We do not “do well” when we try to make religion and worship about us— when we say “God made me this way, He can’t ask me give Him such-and-such!” We clothe our self-worship in the pleas of a victim, “Why can’t you just accept me?” or “A loving God wouldn’t make it this hard for me to obey Him.”

Oh, but it was HARD for Cain! It did not feel natural or right or fair for Cain.

Cain’s sin leads to more sin.

Cain kills Abel.

God is obviously very upset about this and punishes Cain— part of Cain’s punishment is that the work he wanted God to accept as his offering, tilling the ground, would no longer produce anything for him. The Lord also said he would be “a fugitive and a vagabond” from then on (Genesis 4:12).

To me, this punishment seems to be an act of grace. It seems like God is about to show Cain how the work he may have thought to be so vital to his identity (tilling the ground) actually wasn’t. Because Cain couldn’t produce from the ground and had to live as a vagabond, he had to change his occupation. Maybe God was pruning Cain.

Though the Lord punishes Cain for murdering Abel, He also shows him mercy. God marks Cain so anyone who kills him will receive vengeance “sevenfold” (Genesis 4:15 NKJV).

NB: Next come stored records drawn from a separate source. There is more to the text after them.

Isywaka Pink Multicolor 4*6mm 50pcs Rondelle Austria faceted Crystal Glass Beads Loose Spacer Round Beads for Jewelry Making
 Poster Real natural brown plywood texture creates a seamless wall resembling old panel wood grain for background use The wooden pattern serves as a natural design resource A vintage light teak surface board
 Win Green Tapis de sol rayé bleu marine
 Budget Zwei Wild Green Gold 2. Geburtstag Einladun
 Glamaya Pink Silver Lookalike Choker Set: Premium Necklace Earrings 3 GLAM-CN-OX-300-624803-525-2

Cain isn’t so unlike us. Our sinful tendency is to become self-focused and to make worship what WE want it to be— we can easily make ourselves the focus of worship rather than our great God. Sometimes what is really needed, and what God would have us to do, isn’t necessarily where our giftedness lies.

We can continue in sin that leads to death yelling, “This is just the way I am!” All the while, our good and gracious God longs for us to run into His arms. He is longing to show His strength through our weaknesses (2 Corinthians 12:7-10). He loved us first— and He receives and accepts us when we accept Him. My sin nature, sinful tendencies, personality and even my gifts should not define who I am. I am adopted into Christ’s family. He calls me blameless, pure, His bride. He wants to make me into His likeness.

He desires for us to walk and worship in His ways— the ways that lead to life. Praise the Lord for His mercy. The story of Cain holds hope.

We don’t know if Cain began to live in obedience to God after this. We know he lived for a long time. Genesis 4:20 specifically mentions that some of his descendants were known for raising LIVESTOCK…which seems significant to me. However, he did build a city, which may have been in defiance unless God told him his time of being a vagabond could be over (because part of Cain’s punishment was that he would be a  wanderer).

The state of Cain’s heart after correction is uncertain. I don’t think we’ll know until our earthly lives are over.

What I can seek to understand and change is the state of my own heart in relation to the Lord:

Am I worshiping the Lord and living my life for Him through obedience to His word and His Spirit? In other words, am I worshiping the Lord or myself?

How do I respond to correction?

What do I need to sacrifice?

God is so worthy every bit of my soul, my heart, my mind.

To be in His presence is life, freedom, and peace.

It is only with His help and His grace that we can worship Him the way He deserves to be worshiped.

My soul yearns for His hand physically in mine— for all of my brokenness restored.

For now, with the help of God’s mighty grace, we fight the evil within and without us. We may fall in our weakness, but He picks us up. He says, “My grace is sufficient” (2 Corinthians 12:9).